I read that comic the other day and meant to use it and promptly forgot about it. Glad to see it. And it's accurate. I recently tried to give my 11 year old granddaughter a 65" 4K set and she told me she didn't have any use for it. For the same reasons given in the comic above. Everything is right there whenever they want it and they know where to look and how to navigate the various sites.

Yeah, the newspapers seem to be on the verge of disappearing. I'm paying a buck fifty for the NY Daily News each day and I can't seem to cut that cord either. Gonna go up to $2 soon and I'm gonna keep buying it. Hurts a bit each day but I do enjoy the paper with breakfast.

Rich


----------



## Athlon646464 (Feb 23, 2007)

phrelin said:


> Well, it does sure leave me feeling like this from this morning's newspaper...
> 
> 
> 
> ...


It's ironic that cartoon was in a newspaper.

"What are you reading?"

"Everything ever written - its all on my phone."

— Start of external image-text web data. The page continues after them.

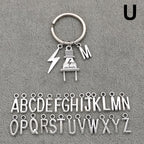 Fashion A-Z Letter Charm Lightning Bolt Plug Electrician Keychain for Electrical Worker Bag Car Keyring Gifts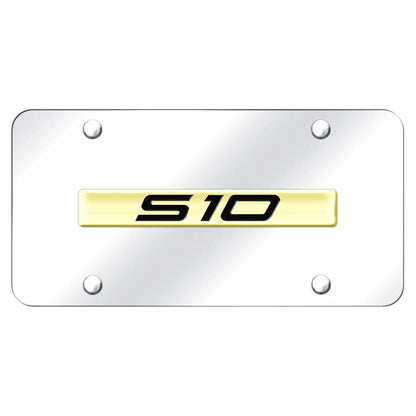 Gold Name on Chrome License Plate - Officially Licensed for Chevrolet S-10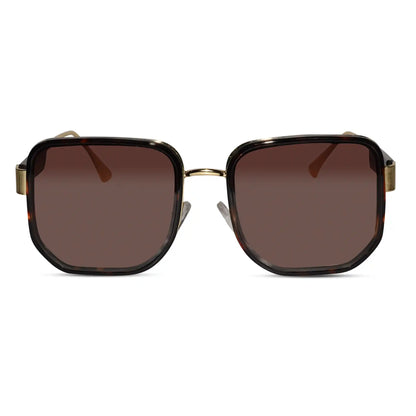 Oversize Brown with Golden  Square Sunglasses For Women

"I miss newspapers, books and magazines."


----------



## Rich (Feb 22, 2007)

Athlon646464 said:


> It's ironic that cartoon was in a newspaper.
> 
> "What are you reading?"
> 
> ...


I can't give up the morning paper but I haven't picked up a book or magazine in quite some time. Once I got a Kindle that was it for physical books. Never had much interest in magazines. But that comic certainly nailed the way kids feel today. That could have been Sadie in that comic strip. Or any of her friends.

Rich


----------



## SamC (Jan 20, 2003)

IMHO,

- As to “binge watching” understand where non-linear TV is going. “Everything” is not going to be on a couple of service. No. Every content producer will have its own service, and its own bill. Allowing bingeing allows people to move from service to service, watching everything of interest on a particular one for a month or so, and moving to the next one. They want “cord cutters” (actually cord switchers, of course) to stay with their service all the time. The best way to do that is to have programs for a limited time.

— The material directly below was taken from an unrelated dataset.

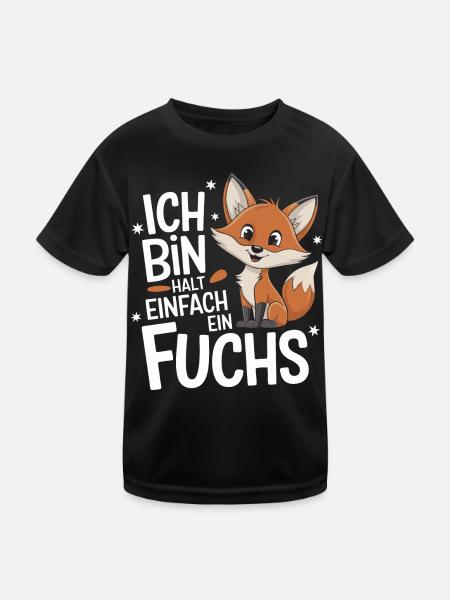 Fuchs Füchse Wildtier Waldtier Rotfuchs - Kinder Funktions-T-Shirt - Schwarz - Vorne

- Newspapers. Your local newspaper was like your crazy ole uncle. He knew who won the ball game in more detail than you could want, who died and when was the funeral, what was on at the movies, what the city counsel was up to, what was being built on that lot on Pine Street, and lots else. But to find it out, you had to listen to his crazed extremist political rants. He thought you talked to him for his politics, but in fact you talked to him despite them.


----------



## James Long (Apr 17, 2003)

All I read of the newspaper was the front page (if interesting) and the comics. A few years ago my wife decided she wasn't getting enough value out of the paper and now we are "Sunday only" subscribers. Subscriptions have fallen enough that the local paper no longer delivers (not enough home delivery customers to make a reasonable profit). They have gone to post office delivery ... which means if the paper doesn't get to the post office by their cutoff it is delivered the next day. Sunday became a weekend paper ... 50% of the time it comes on Saturday - 48% of the time it comes on Monday - 2% of the time it simply does not come. No paper is published on Sundays or postal holidays. On a positive note, they publish on the website seven days per week as news breaks. The bad news that it is paywalled and one has to have either a full week print subscription or pay the same rate as print to get online only access. "Sunday only" subscribers get nothing more than non-subscribers online.

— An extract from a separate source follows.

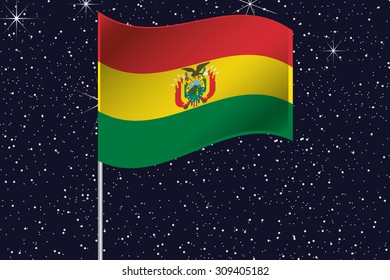 3D Flag Illustration waving in the night sky of the country of Bolivia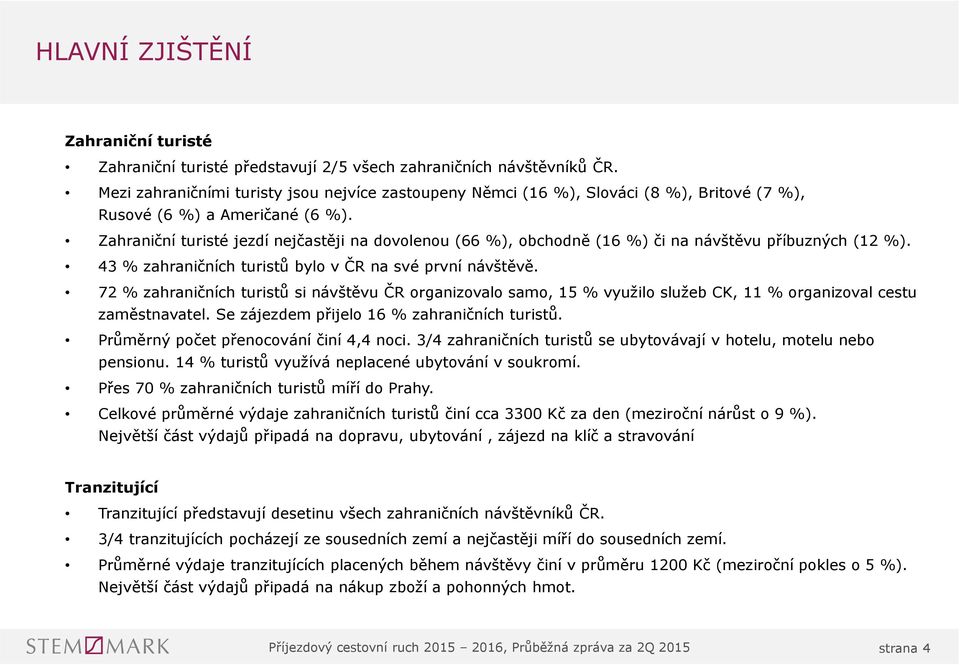 Zahraniční turisté jezdí nejčastěji na dovolenou (66 %), obchodně (6 %) či na návštěvu příbuzných ( %). % zahraničních turistů bylo v ČR na své první návštěvě.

Local cities and the county have websites ... that is where I go for zoning news. I read the city counsel agendas. And I watch local TV news ... two network stations have 4pm-6:30pm local news, the third has 5pm-6:30pm local news. The Fox station is owned by the CBS station in my market so they don't have early evening news - but they do have a 10pm hour before the 11pm news on the other three network stations. Plenty of opportunity to catch a newscast with local news. And (so far) no paywall on the TV news sites.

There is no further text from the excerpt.